The last stanza of one of Robert Frost’s most famous poems is both support and challenge to my new vocation as an animal chaplain. The stanza goes like this:
“But yield who will to their separation,
my object in living is to unite
my avocation and my vocation
as my two eyes make one in sight.
Only where love and need are one,
and the work is play for mortal stakes,
is the deed ever really done
for Heaven and the future’s sakes.”
Tomorrow, I will receive a certificate of completion for animal chaplain training through Compassion Consortium (https://www.compassionconsortium.org/training). As the program describes:
Animal chaplains provide support for both animals and humans by using ritual, ceremony, and the tools of spiritual companionship.
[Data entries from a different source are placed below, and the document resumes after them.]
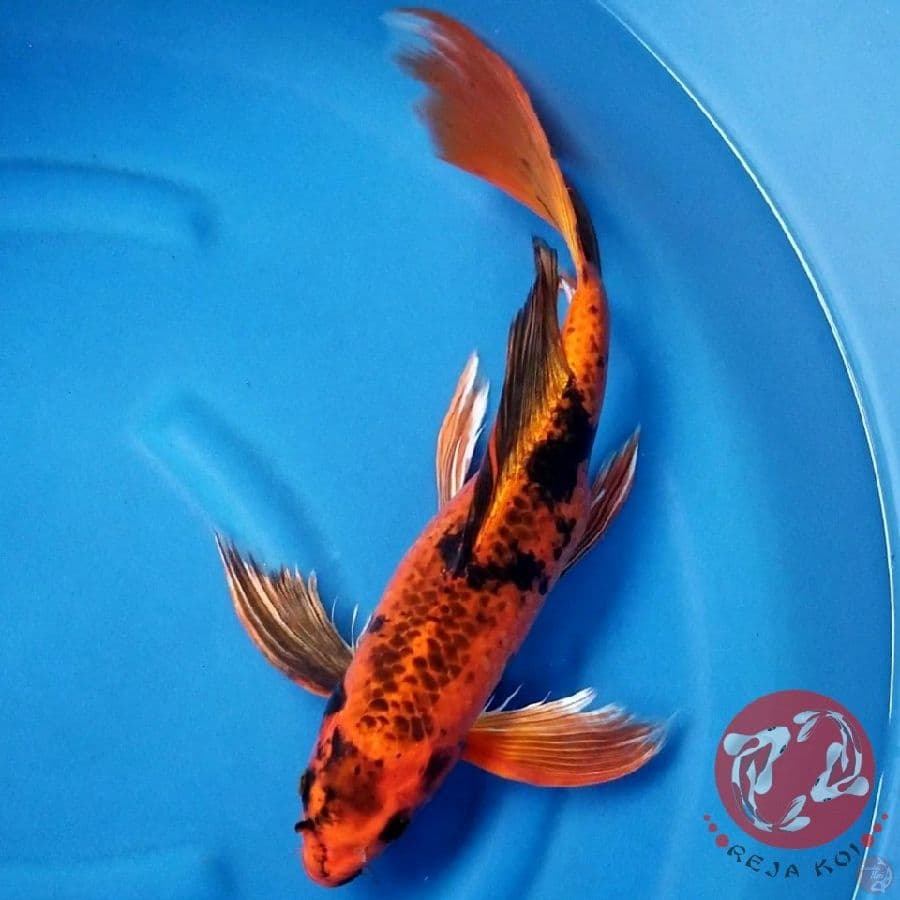 KAGE UTSURI 46 CM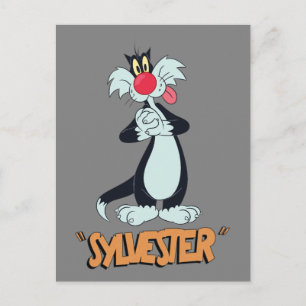 Carte Postale LOONEY TUNES™ Rires rétro   SYLVESTER™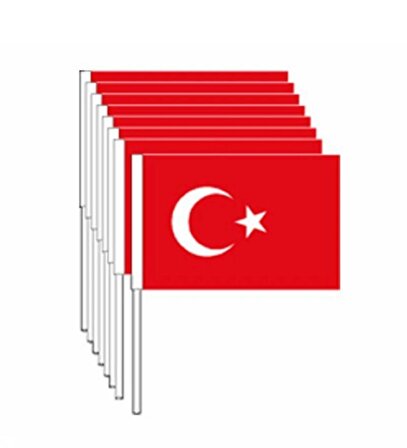 Vatan Çıtalı Büyük Türk Bayrağı 40 Lı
Compassion Consortium’s Animal Chaplaincy Training helps you fulfill your heart’s call to honor and celebrate the lives of all species, including how to companion them through joys and challenges.
This six-month program was offered to:
Healers and spiritual directors/mentors who’d like to expand their yoga, coaching, massage, therapy, reiki, veterinary, or spiritual counseling, or wellness practice to support animals and their humans through spiritual practices, rituals, and sacred listening
People interested in diving deeper into the intersection of spirituality and science, such as the empirical evidence for improved health and wellness benefits of human-animal bonds
Staff and volunteers working in animal shelters/sanctuaries, veterinary practices, humane education, or vegan advocacy who are interested in integrating spirituality and wellness into their organization
I’d like to think that I fit in all three categories above. Now that I’ve completed this part of the program, I will continue on for another 3+ months toward ordination in late June.
As Robert Frost referred to his role above, I hope to combine my author and animal shelter roles into one so that I may serve both animal and humans more effectively. Ultimately, my goal is to live up to the Compassion Consortium objective to “honor animal lives and heal human hearts.”
With the support of family & friends, not to mention Heaven and Mother Earth, may it be so.